Whose Business Am I In?

I gave the following exercise in a recent e-zine I sent out to my subscribers and clients about the Three Kinds of Business as taught by Byron Katie. Here are my thoughts on each. (And if you want to subscribe yourself, go to www.rebeccaoverson.com and put your email address in the box provided at the bottom of the page!)

For those who missed the e-zine - the gist is this: There are only three kinds of business in the world: mine, others', and God's. When you are minding someone else's business, you suffer.
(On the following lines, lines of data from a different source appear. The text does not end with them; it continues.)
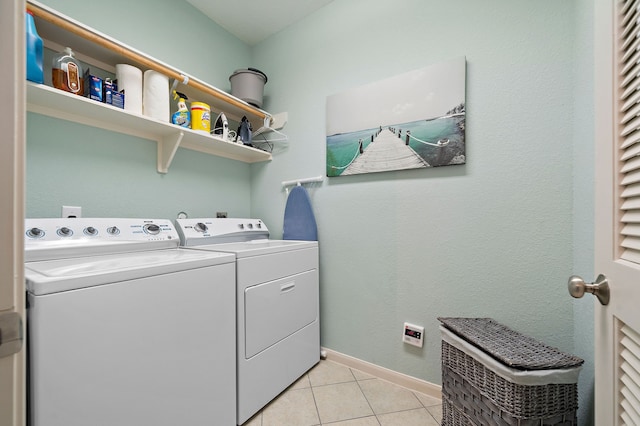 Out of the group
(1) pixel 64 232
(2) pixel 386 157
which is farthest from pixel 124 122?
(2) pixel 386 157

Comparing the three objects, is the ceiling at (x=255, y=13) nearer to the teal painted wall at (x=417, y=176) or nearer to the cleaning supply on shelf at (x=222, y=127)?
the teal painted wall at (x=417, y=176)

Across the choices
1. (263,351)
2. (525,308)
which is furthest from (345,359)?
(525,308)

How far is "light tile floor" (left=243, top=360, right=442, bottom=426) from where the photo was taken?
1291 mm

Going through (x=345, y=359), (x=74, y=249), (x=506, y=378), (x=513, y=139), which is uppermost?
(x=513, y=139)

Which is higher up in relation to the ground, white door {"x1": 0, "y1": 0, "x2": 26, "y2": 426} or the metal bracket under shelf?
the metal bracket under shelf

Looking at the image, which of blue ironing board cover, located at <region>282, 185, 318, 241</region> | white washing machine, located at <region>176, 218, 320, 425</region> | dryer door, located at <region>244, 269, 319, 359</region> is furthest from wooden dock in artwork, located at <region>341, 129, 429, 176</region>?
dryer door, located at <region>244, 269, 319, 359</region>

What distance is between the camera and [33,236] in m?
1.08

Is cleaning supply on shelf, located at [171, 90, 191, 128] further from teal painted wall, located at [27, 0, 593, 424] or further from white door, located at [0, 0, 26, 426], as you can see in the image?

Period.


Exercise 1
See if you can bring yourself some clarity by determining whose business is whose in each of these examples:

  • Someone doesn't understand you
  • Your feelings are hurt
  • Others don't see things your way
  • You don't have enough money
  • You feel misunderstood by someone
  • A driver on the road rear-ended your car
  • Someone you love passed away
  • A friend doesn't call you back
  • An earthquake caused great damage to your home
  • A prospect does business with your competitor instead
  • Your lover left you for someone else
  • You fear someone else will feel hurt or let down by your actions
  • You are annoyed by someone
  • You don't like a present you received
(For a more in-depth look at each situation read my answers below. But try it yourself FIRST!)

Exercise 2
I invite you to find at least one relationship problem in your life right now.
Ask yourself, "Whose business am I in?"

What do you see? Can you expand your awareness of the situation when you look from this angle?
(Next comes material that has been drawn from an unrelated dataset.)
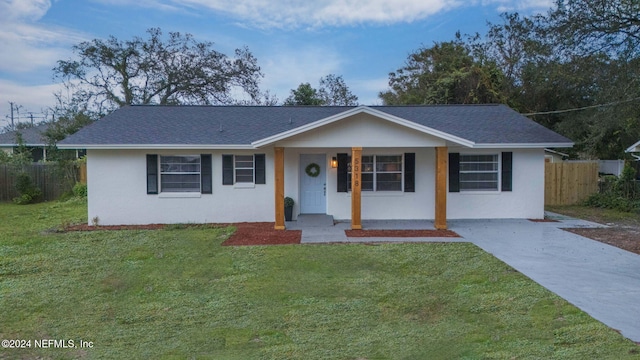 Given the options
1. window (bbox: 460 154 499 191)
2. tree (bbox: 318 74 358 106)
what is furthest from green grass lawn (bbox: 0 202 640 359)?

When you are in someone else's business, is it peaceful or stressful?


What is your business in this situation?

OK, now here are my thoughts on Exercise 1.

* Someone doesn't understand you
What another person understands (or doesn't understand) is their business.

* Your feelings are hurt
Your feelings would be your business. Nobody made you feel anything. You did that by believing what you think without questioning it.
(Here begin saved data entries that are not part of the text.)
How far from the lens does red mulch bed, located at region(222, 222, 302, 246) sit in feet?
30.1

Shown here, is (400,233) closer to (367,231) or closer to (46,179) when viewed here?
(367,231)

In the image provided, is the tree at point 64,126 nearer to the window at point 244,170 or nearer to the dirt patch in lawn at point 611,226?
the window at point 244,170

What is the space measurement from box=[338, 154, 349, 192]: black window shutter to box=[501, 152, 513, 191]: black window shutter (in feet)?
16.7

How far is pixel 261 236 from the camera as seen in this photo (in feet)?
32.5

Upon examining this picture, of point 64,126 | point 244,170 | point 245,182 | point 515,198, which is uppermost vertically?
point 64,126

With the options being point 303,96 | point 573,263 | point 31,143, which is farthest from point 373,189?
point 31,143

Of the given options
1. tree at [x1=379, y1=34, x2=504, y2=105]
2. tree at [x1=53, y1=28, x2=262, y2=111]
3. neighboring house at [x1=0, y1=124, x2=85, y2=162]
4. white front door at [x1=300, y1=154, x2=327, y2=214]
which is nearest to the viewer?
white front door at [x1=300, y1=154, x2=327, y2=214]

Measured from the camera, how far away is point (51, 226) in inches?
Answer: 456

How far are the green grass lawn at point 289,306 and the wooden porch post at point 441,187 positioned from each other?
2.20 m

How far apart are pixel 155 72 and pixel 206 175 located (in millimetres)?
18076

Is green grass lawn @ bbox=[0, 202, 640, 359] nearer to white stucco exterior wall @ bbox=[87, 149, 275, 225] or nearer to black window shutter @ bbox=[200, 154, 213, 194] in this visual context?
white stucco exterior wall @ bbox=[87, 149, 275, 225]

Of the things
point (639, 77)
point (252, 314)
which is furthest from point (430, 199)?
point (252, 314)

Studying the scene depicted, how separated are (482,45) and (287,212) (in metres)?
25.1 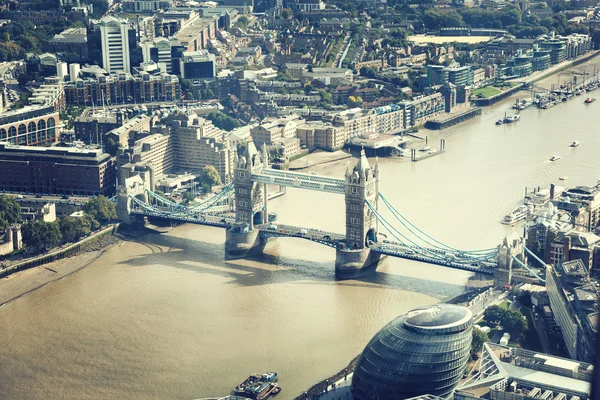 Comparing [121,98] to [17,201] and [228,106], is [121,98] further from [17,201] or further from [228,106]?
[17,201]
* Others don't see things your way
What other people see is their business. You say what you say, or you do what you do, and they either see things your way or not. "You need them to see things your way" - is that true?

* You don't have enough money
How I make, save, or spend money is my business.

* You feel misunderstood by someone
How you feel is your business. Whether or not they understand you is their business. Do you even understand you? Do you understand them? That's your work, your business.

And question the thought "I need them to understand me."

* A driver on the road rear-ended your car
The moment you entertain thoughts about whether it should or shouldn't have happened, you are in God's business. The reality is that it DID happen. Nothing can change that.
How other people drive is their business.
How you drive is your business.
The ultimate safety and well being of any human being who is doing all they know to do in order to play it safe and smart... is God's business if you ask me! There is an inherent risk of driving that everyone accepts, whether you do that consciously or not.

* Someone you love passed away
Whether I live or die is God's business - Unless I take my own life, and I don't plan on doing that any time soon.
So if you are suffering about someone's death, and you're having thoughts like "This shouldn't have happened" "They died too soon" - you are in God's business. "Death always comes right on time"... like everything else in the world, according to Byron Katie! To presume you know more than God about when people should or shouldn't die definitely puts you in God's business.

And as always, you can question painful thoughts (via The Work) like "This is terrible" "I'll never be the same without them" and so forth.

* A friend doesn't call you back
Who people call or don't call is their business. What are you making it mean that they didn't call you? Can you really know that's true?

* An earthquake caused great damage to your home
Earthquake: God's business.
Whether or not I have earthquake insurance: my business.

* A prospect does business with your competitor instead
Who they work with is their business.
And question any story you have about what you think you did to lose that deal. "If I'd been more flexible, they would have signed with me..." Can you absolutely know that???

* Your lover left you for someone else
Who your lover wants to be with is their business. This one is a tough pill to swallow because we think we can make people love us and we often become who we think they want us to be instead of being who we really are. The reality is, people love whom they love and there is nothing you can do about it. Oh my, there are a zillion painful concepts to be investigated in relationships! For a good read on this subject, buy "I need your love - is that true?" by Byron Katie.

DEFINITELY question any painful conclusions you are drawing about it like "nobody wants me" "There is something wrong with me" "If I'd done x they would have stayed" "I need them in my life" and so on.

* You fear someone else will feel hurt or let down by your actions
Your actions are your business. How others feel is their business.

* You are annoyed by someone
How you feel is your business. If you think you are annoyed by someone, fill out a Judge-Your-Neighbor worksheet on them and do The Work! You might find the person that annoys you most is YOU. :D

* You don't like a present you received
What you like is your business.
What someone chose to give you is their business.
How you deal with it is your business. Do you feel guilty for not liking it? Do you lie and pretend you do and go out of your way to make sure they know it?
The gift is in the giving, not the object itself. All the meaning you add to an object is your business. Does it bring you stress, or peace? If it's stressful, put your thoughts on paper and question them!

I welcome any questions, insights, or feedback!